[Directions]:
Only the lines from the one with "Hello and welcome" through the last line of the material below belong in the answer, copied exactly and without pictures.

[Listed records]:
++++++++++++++++++++
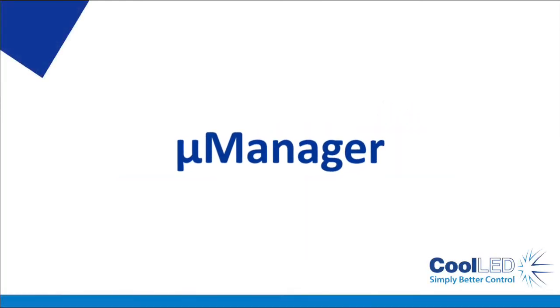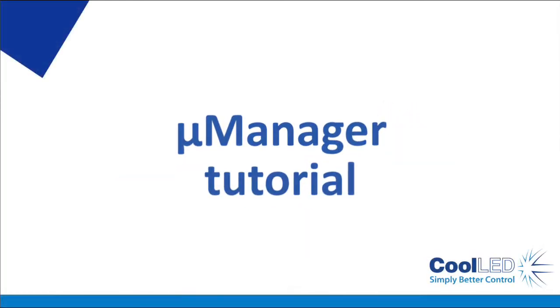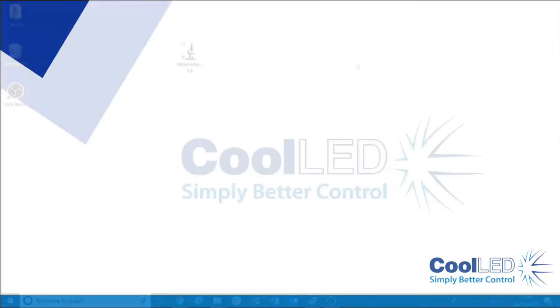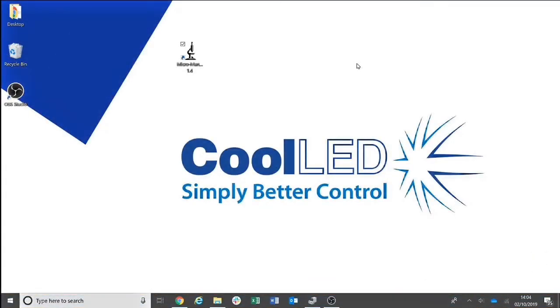Welcome to the CoolLED tutorial video for Micromanager. In today's tutorial video, we will show you how to set up the PE300 Ultra, White and PE340 Führer in Micromanager.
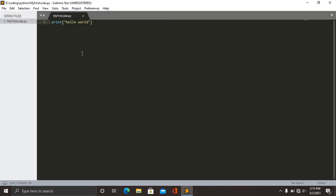After clicking save, the color of the text will change according to the version of the Sublime Text Editor that you're using.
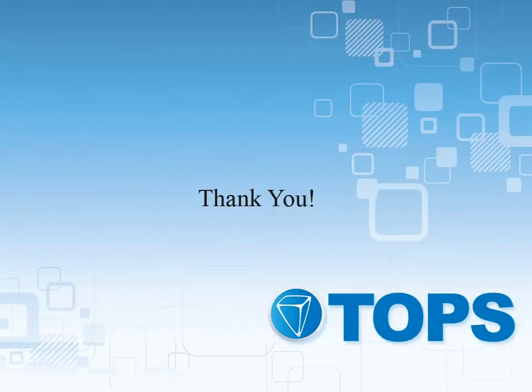This completes our TOPS Professional General Ledger View Accounts course. Thank you.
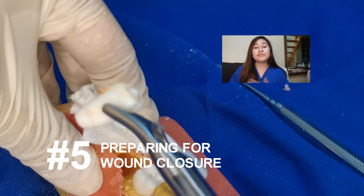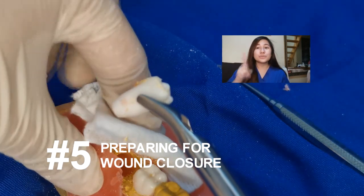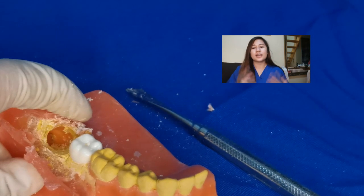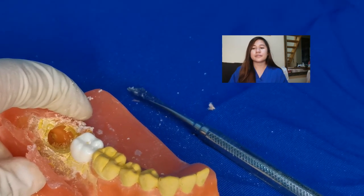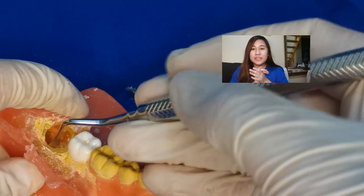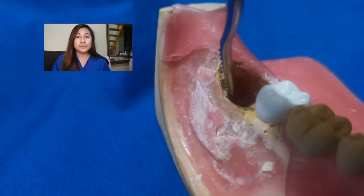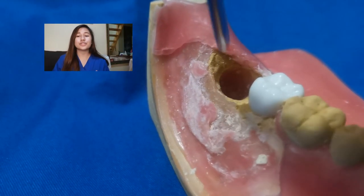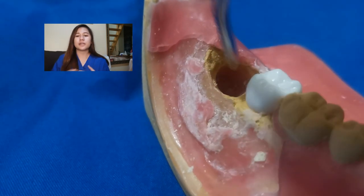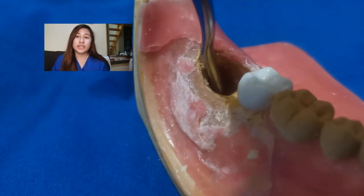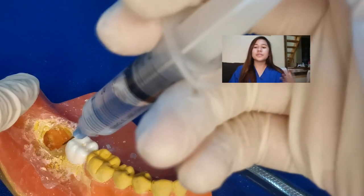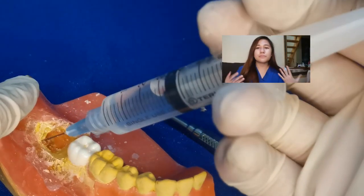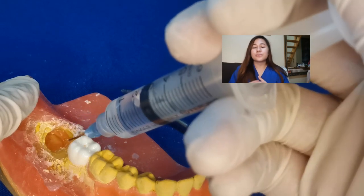Preparing for wound closure: once the tooth has been removed, the socket requires careful care. Gentle curettage of the socket is done. A bone file is used to remove the sharp and rough edges, particularly where the elevator came in contact. Removal of all particulate bone chips and debris from the wound is done through irrigation. Sometimes we place gel foam on the socket to aid and provide hemostasis.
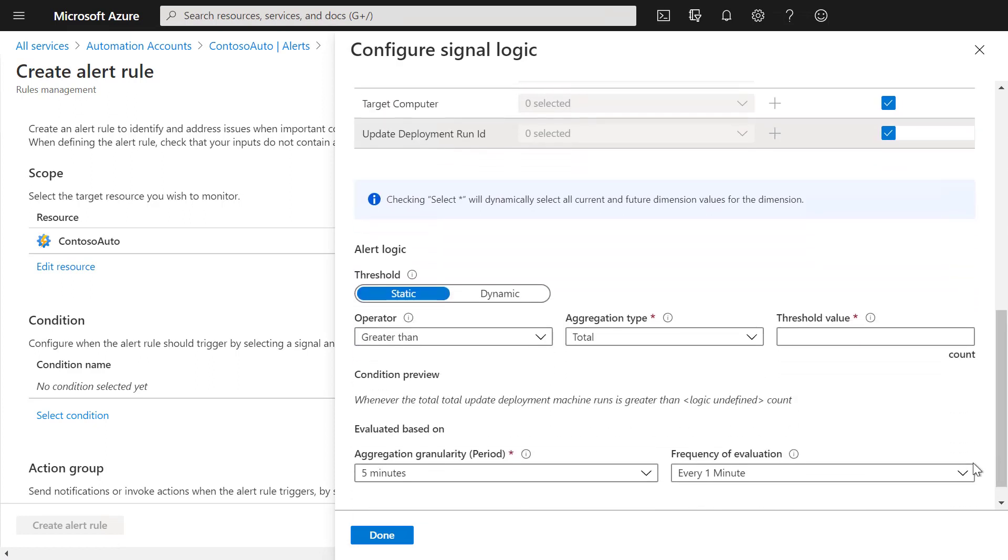Under the alert logic, you simply set the threshold to zero and select done.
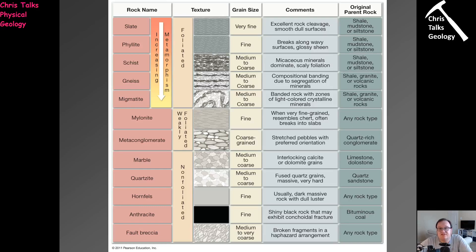Hello everybody, this is Dr. Christopher White and welcome to the last part of metamorphism and fascis. We've finished on this diagram here that we're essentially listing the different types of metamorphic rock.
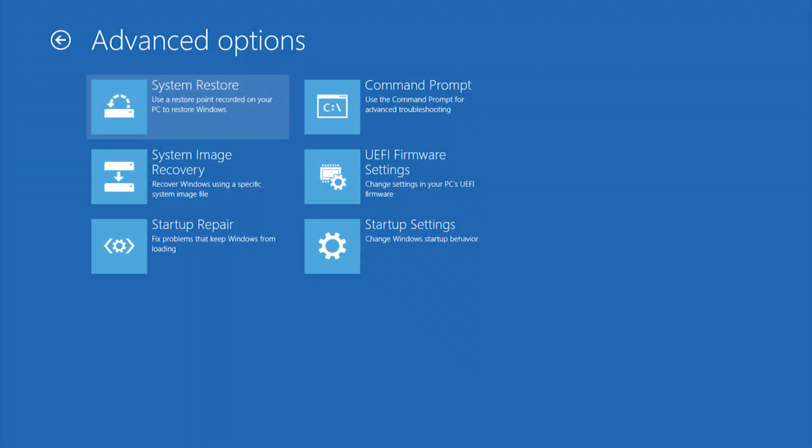This will undo changes from Windows updates as well as newly installed software. Your data and documents won't be changed, so it's a good place to start.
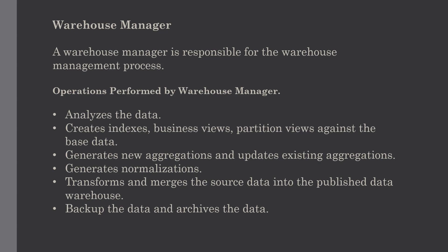Our next topic is warehouse manager. The warehouse manager is responsible for the warehouse management processes. It consists of third-party system software such as C programs and shell scripting. The size and complexity of a warehouse manager varies between specific solutions and depends on the requirements of the data warehouse.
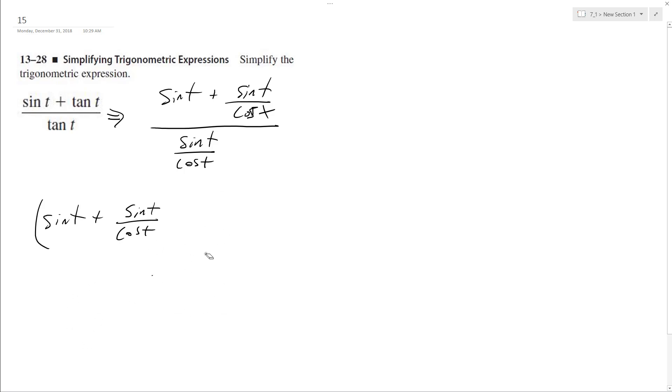I need to multiply by the reciprocal. So this becomes, because when you divide by it, you got to multiply by the reciprocal, so cosine t over sine t. Sorry about that.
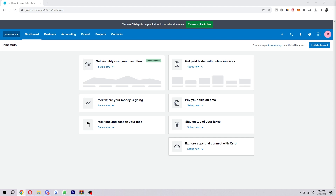Hello and welcome back to another video. Today I'm going to show you how you can add bank details to an invoice on Xero. This is very simple and easy to do, so make sure you watch right to the end so you too can understand how to add bank details to your invoices. So let's get into it.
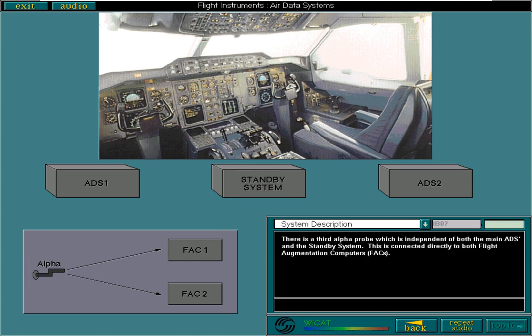You have now completed the lesson on air data systems. Now check your understanding by trying the following questions.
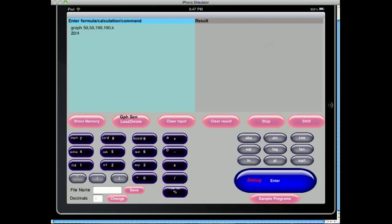Following on from the demonstration of the newest version of Sophistama Calc Programmable Calculator for the iPhone and iPod Touch, this is now a demonstration of the newest version for the iPad.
++++++++++++++++++++
[Answer]:
Hello and welcome back to another video. Today I'm going to show you how you can add bank details to an invoice on Xero. This is very simple and easy to do, so make sure you watch right to the end so you too can understand how to add bank details to your invoices. So let's get into it.
You have now completed the lesson on air data systems. Now check your understanding by trying the following questions.
Following on from the demonstration of the newest version of Sophistama Calc Programmable Calculator for the iPhone and iPod Touch, this is now a demonstration of the newest version for the iPad.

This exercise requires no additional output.